_About this task_
Copy the records below word for word. Stop after the line that contains "Circular Self Adhesive".

Records from a data source
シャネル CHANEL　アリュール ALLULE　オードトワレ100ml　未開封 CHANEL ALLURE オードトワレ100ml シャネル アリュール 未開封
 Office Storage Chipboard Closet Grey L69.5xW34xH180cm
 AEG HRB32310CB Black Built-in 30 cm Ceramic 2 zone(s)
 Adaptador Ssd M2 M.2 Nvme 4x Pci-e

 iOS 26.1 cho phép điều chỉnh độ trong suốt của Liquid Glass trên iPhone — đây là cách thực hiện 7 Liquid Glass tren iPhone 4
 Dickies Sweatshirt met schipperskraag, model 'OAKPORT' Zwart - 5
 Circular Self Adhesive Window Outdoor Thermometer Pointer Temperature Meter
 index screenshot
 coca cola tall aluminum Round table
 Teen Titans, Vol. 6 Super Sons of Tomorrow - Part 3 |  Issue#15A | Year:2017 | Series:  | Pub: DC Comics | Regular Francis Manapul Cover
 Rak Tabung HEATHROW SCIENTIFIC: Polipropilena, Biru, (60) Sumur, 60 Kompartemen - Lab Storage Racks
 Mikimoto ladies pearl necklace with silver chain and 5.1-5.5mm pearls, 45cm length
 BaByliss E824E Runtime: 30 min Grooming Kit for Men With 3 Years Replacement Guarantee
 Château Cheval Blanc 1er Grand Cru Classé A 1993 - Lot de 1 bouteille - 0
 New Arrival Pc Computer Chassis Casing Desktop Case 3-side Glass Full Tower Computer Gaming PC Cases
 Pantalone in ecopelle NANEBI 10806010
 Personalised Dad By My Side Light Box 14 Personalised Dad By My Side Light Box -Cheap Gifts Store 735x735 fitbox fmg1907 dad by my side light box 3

_Output of the exercise_
シャネル CHANEL　アリュール ALLULE　オードトワレ100ml　未開封 CHANEL ALLURE オードトワレ100ml シャネル アリュール 未開封
 Office Storage Chipboard Closet Grey L69.5xW34xH180cm
 AEG HRB32310CB Black Built-in 30 cm Ceramic 2 zone(s)
 Adaptador Ssd M2 M.2 Nvme 4x Pci-e

 iOS 26.1 cho phép điều chỉnh độ trong suốt của Liquid Glass trên iPhone — đây là cách thực hiện 7 Liquid Glass tren iPhone 4
 Dickies Sweatshirt met schipperskraag, model 'OAKPORT' Zwart - 5
 Circular Self Adhesive Window Outdoor Thermometer Pointer Temperature Meter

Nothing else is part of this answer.